(Stored data entries)
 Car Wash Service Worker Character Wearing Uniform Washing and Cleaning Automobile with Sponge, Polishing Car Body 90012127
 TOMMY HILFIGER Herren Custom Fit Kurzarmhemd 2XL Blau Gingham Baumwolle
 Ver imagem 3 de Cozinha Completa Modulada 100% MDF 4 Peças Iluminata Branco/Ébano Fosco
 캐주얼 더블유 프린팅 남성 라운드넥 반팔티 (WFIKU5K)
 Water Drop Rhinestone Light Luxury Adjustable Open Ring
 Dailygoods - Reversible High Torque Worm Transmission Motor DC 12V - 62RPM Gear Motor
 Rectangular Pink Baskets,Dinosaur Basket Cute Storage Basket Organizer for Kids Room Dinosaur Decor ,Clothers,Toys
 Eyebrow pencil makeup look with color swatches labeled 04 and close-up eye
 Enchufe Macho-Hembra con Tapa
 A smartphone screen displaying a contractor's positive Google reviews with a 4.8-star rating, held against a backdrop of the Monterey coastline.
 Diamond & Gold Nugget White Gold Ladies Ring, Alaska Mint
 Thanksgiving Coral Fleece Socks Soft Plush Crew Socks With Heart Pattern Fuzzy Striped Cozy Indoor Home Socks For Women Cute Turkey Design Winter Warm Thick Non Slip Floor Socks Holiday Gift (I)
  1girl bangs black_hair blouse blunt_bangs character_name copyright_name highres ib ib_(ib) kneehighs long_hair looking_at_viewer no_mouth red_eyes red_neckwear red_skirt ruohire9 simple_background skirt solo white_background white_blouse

■ Aim of the task ■
Wherever the word "Cute" appears in the data, return the whole line.

■ Your solution ■
 Rectangular Pink Baskets,Dinosaur Basket Cute Storage Basket Organizer for Kids Room Dinosaur Decor ,Clothers,Toys
 Thanksgiving Coral Fleece Socks Soft Plush Crew Socks With Heart Pattern Fuzzy Striped Cozy Indoor Home Socks For Women Cute Turkey Design Winter Warm Thick Non Slip Floor Socks Holiday Gift (I)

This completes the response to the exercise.